Steven B. CANDULLO, et al., respondents-appellants, v. Roy NICOSIA, et al., appellants-respondents, et al., defendant.
In an action to retain a down payment as liquidated damages for breach of a contract for the sale of real property, the defendants Roy Nicosia and Suzanne M. Feldman appeal from so much of an order of the Supreme Court, Rockland County (Walsh II, J.), dated June 13, 2011, as denied their cross motion for summary judgment dismissing the complaint insofar as asserted against them, and the plaintiffs cross-appeal from so much of the same order as denied their motion for summary judgment on the complaint.
ORDERED that the cross appeal is dismissed, for failure to perfect the same in accordance with the rules of this Court (see 22 NYCRR 670.8[c], [e] ); and it is further,
ORDERED that the order is reversed insofar as appealed from, on the law, and the cross motion of the defendants Roy Nicosia and Suzanne M. Feldman for summary judgment dismissing the complaint insofar as asserted against them is granted; and it is further,
ORDERED that one bill of costs is awarded to the defendants Roy Nicosia and Suzanne M. Feldman.

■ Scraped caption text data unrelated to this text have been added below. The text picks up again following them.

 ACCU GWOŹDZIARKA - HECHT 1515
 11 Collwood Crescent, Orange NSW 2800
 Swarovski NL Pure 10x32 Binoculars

The plaintiffs (hereinafter the sellers) entered into a contract to sell their single-family home to the defendants Roy Nicosia and Suzanne M. Feldman (hereinafter together the buyers). The contract of sale, inter alia, required the sellers to deliver “such title as any title underwriter, or any agent in good standing with its underwriter, will be willing to approve and insure in accordance with the standard form of title policy approved by the New York State Insurance Department, subject only to those matters provided for in [the] Contract.”

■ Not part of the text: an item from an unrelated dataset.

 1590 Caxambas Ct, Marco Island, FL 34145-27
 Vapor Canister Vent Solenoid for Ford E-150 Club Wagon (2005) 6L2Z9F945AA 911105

After the parties entered into the contract and before closing title, the buyers ordered a land survey, which revealed that a fence at the rear of the premises extended over the property line by 28 feet, at a length of 160 feet across the backyard. The buyers' insurance company refused to insure the premises free and clear of this encroachment, and the buyers refused to close title.
The sellers commenced this action to retain the buyers' down payment as liquidated damages, alleging that the buyers breached the contract by refusing to close title. The sellers moved for summary judgment on the complaint, and the buyers cross-moved for summary judgment dismissing the complaint insofar as asserted against them. In an order dated June 13, 2011, the Supreme Court denied both the motion and the cross motion. The buyers appeal from so much of the order as denied their cross motion, and we reverse the order insofar as appealed from.
The buyers established their prima facie entitlement to judgment as a matter of law dismissing the complaint insofar as asserted against them by demonstrating that the sellers were unable to deliver title as provided in the contract of sale, and that this breach entitled them to a refund of all of the money they paid pursuant to the contract as well as a refund for specified charges (see Eurovision 426 Dev., LLC v. 26–01 Astoria Dev., LLC, 80 A.D.3d 656, 658, 915 N.Y.S.2d 288). In opposition, the sellers failed to raise a triable issue of fact (see Kopp v. Barnes, 10 A.D.2d 532, 535, 204 N.Y.S.2d 860). Accordingly, the Supreme Court should have granted the buyers' cross motion for summary judgment dismissing the complaint insofar as asserted against them.